• _Records provided_
■ ■ ■ ■

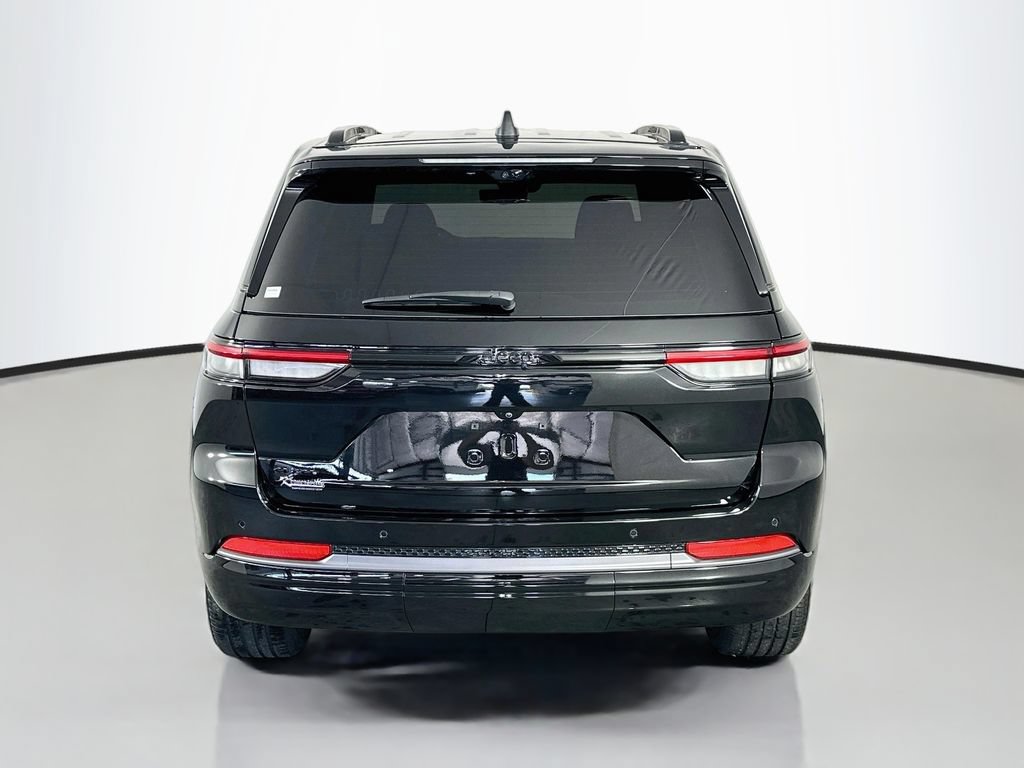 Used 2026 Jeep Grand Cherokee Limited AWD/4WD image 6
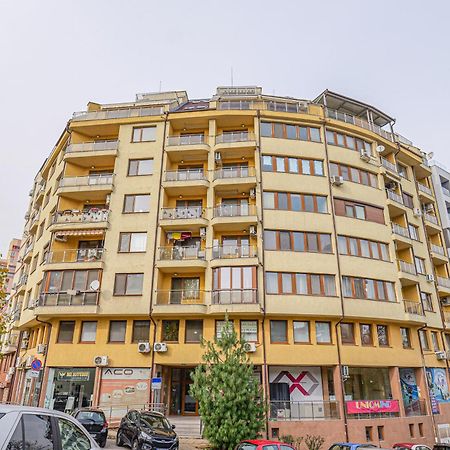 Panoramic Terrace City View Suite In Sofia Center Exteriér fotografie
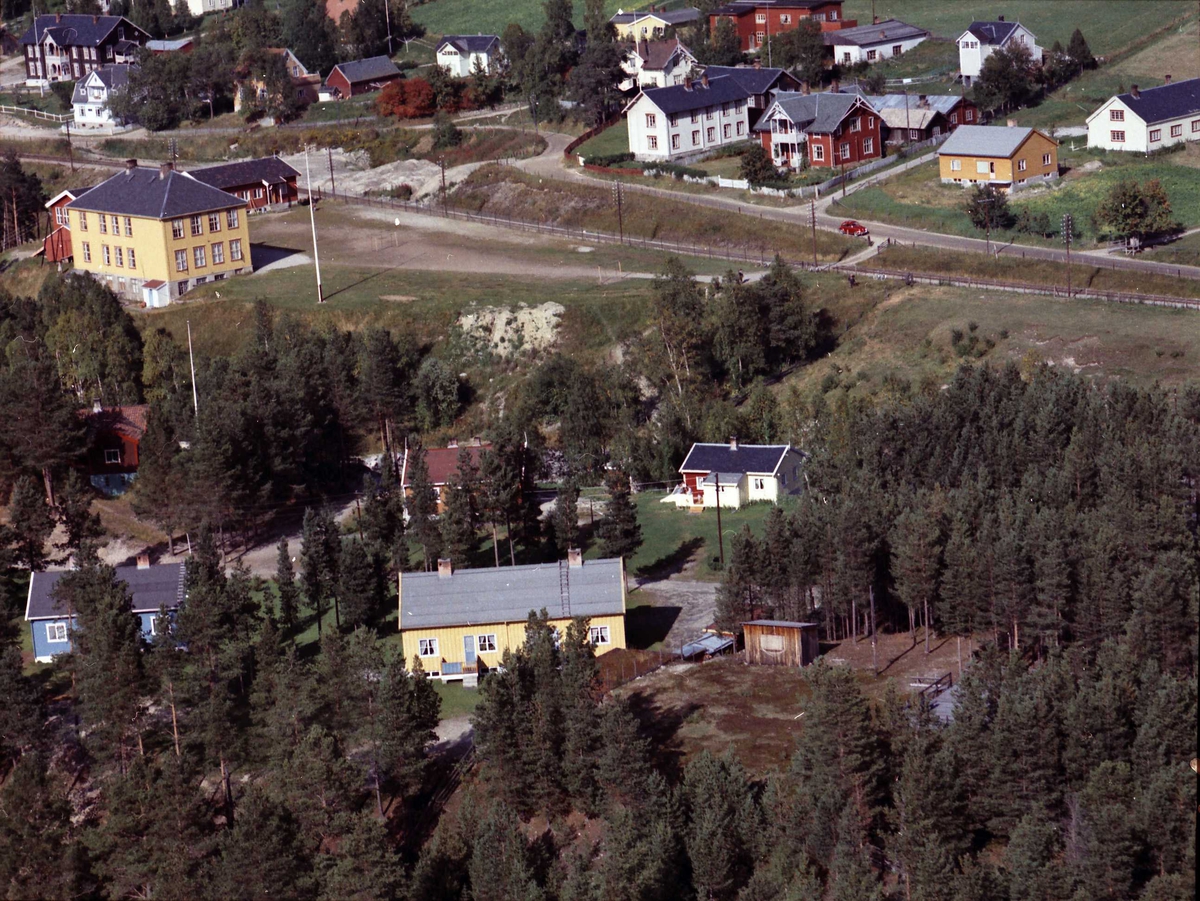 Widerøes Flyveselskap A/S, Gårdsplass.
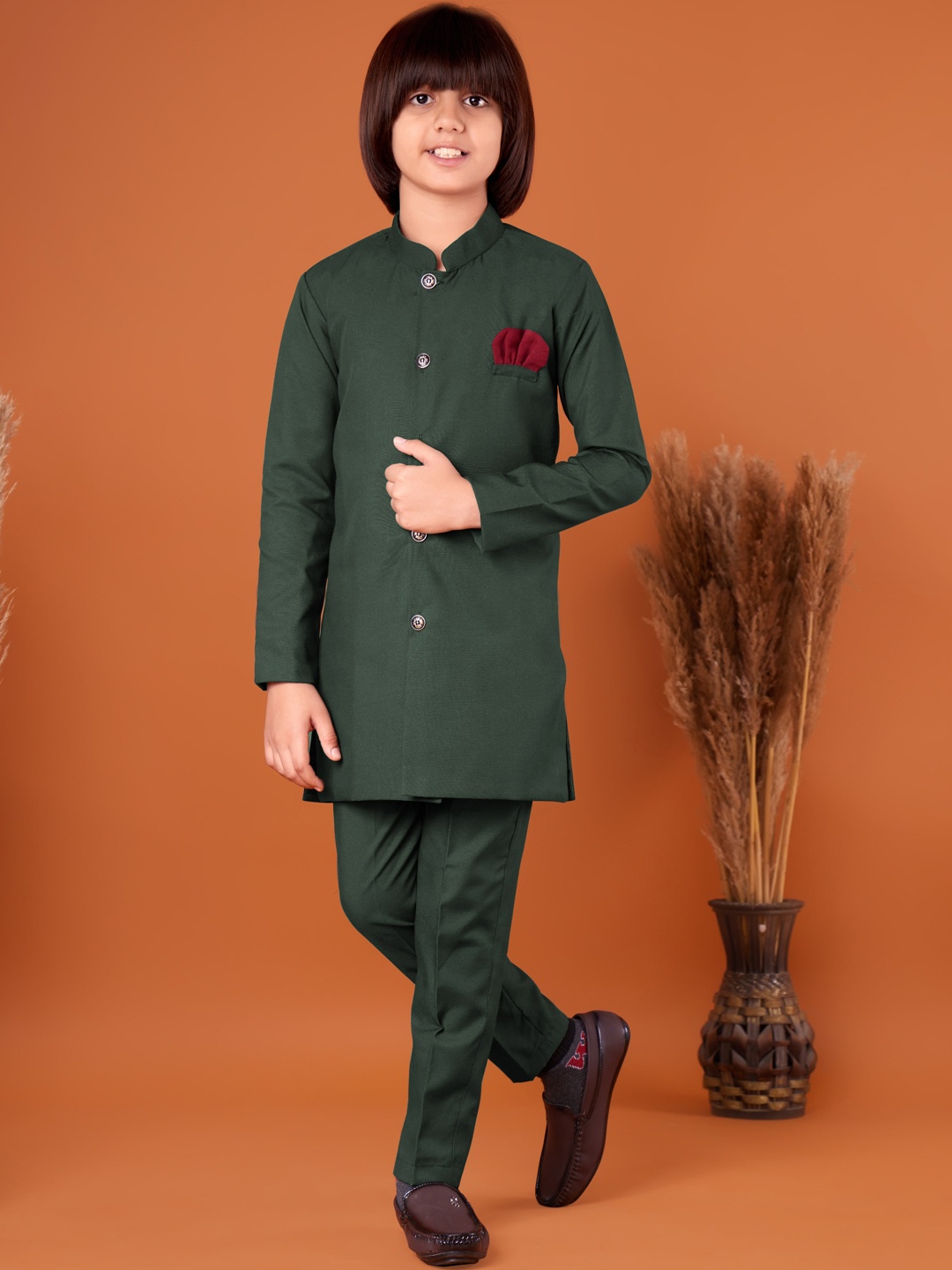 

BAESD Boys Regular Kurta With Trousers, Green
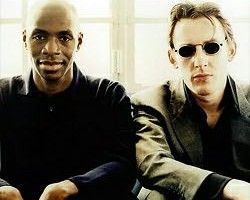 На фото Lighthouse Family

■ ■ ■ ■

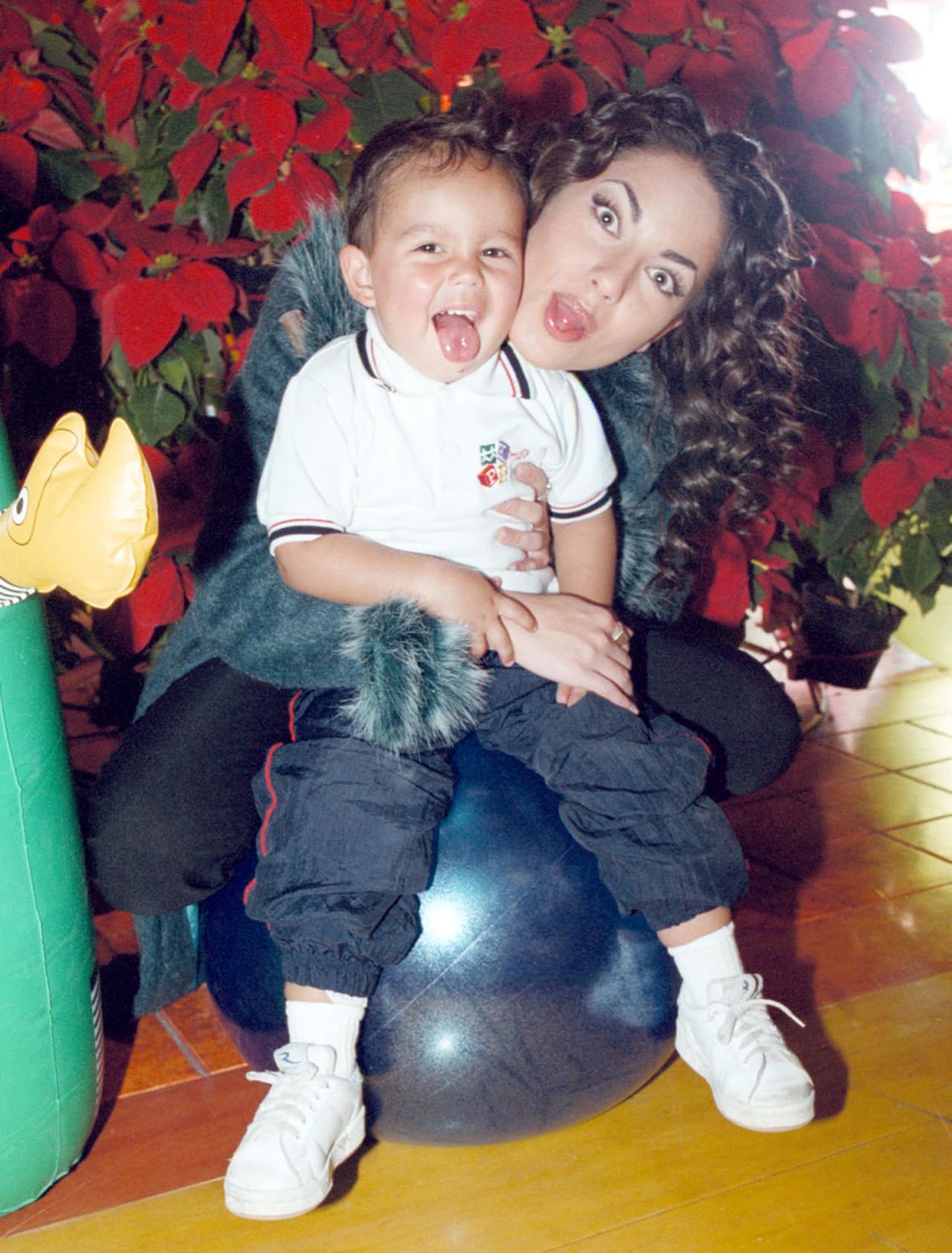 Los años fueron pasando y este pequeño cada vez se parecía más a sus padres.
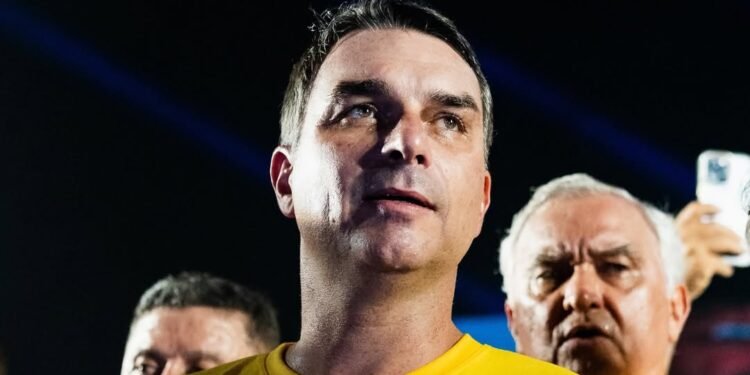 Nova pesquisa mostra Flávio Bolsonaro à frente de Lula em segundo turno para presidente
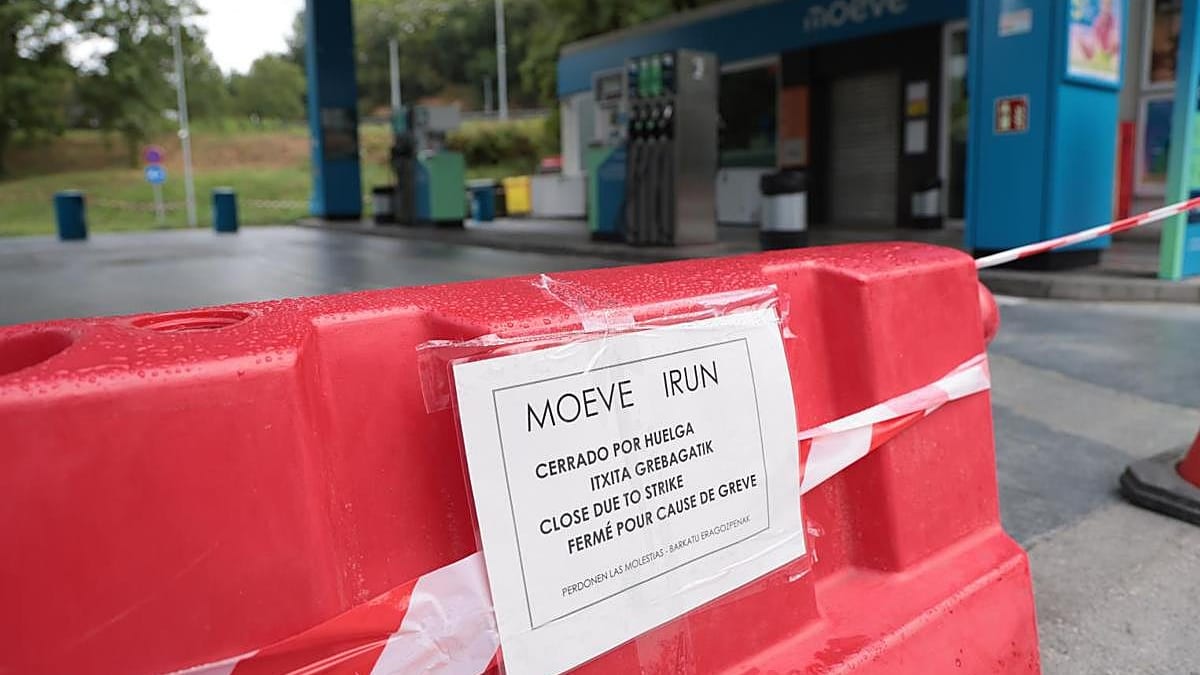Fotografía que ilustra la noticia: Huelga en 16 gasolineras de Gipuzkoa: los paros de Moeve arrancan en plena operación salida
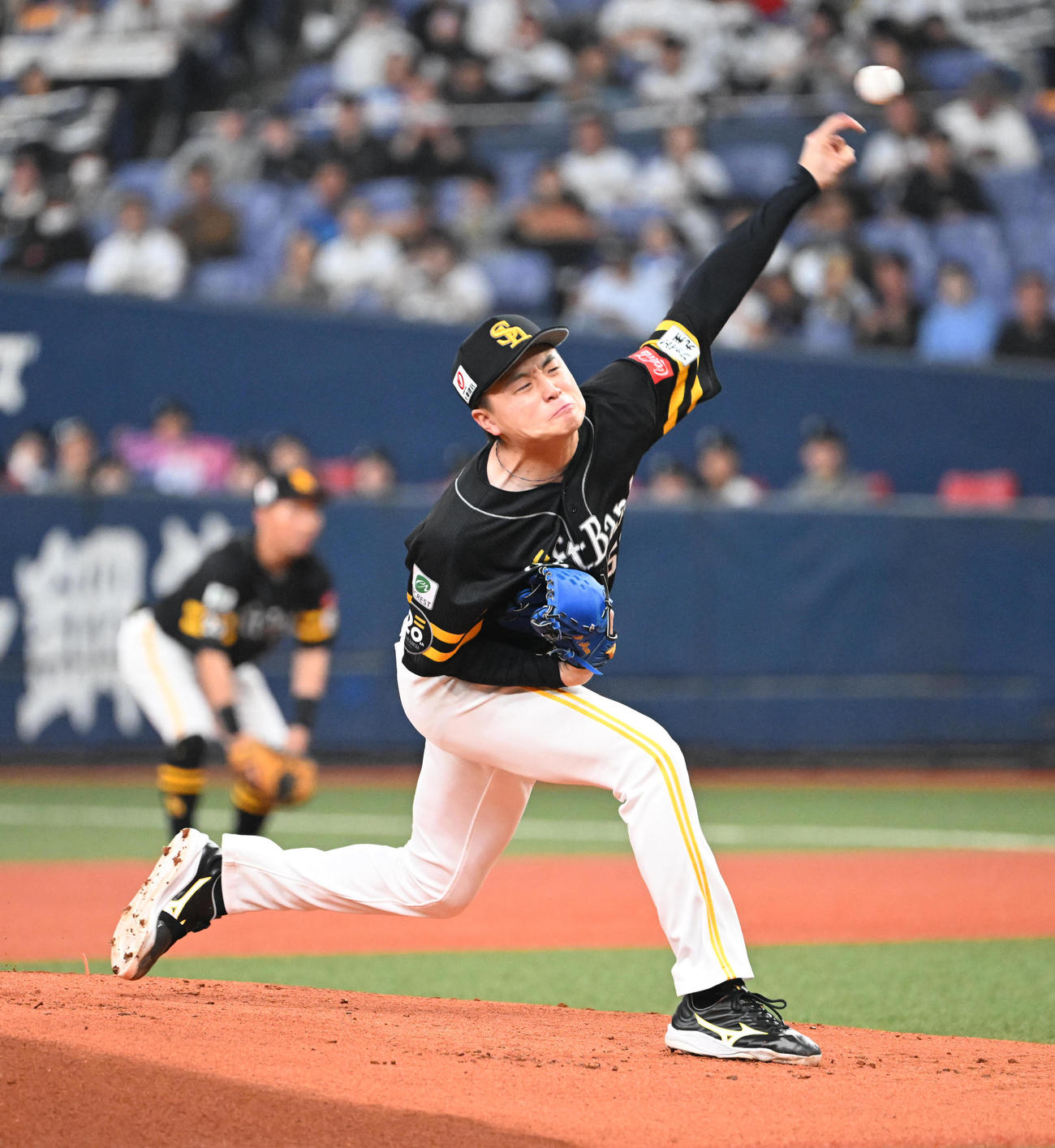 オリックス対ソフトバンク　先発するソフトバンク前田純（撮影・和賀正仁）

■ ■ ■ ■

Reproduce the lines above beginning at the line that contains "Fotografía que ilustra" and ending at the line that contains "オリックス対ソフトバンク　先発するソフトバンク前田純（撮影・和賀正仁）". No pictures.

Fotografía que ilustra la noticia: Huelga en 16 gasolineras de Gipuzkoa: los paros de Moeve arrancan en plena operación salida
 オリックス対ソフトバンク　先発するソフトバンク前田純（撮影・和賀正仁）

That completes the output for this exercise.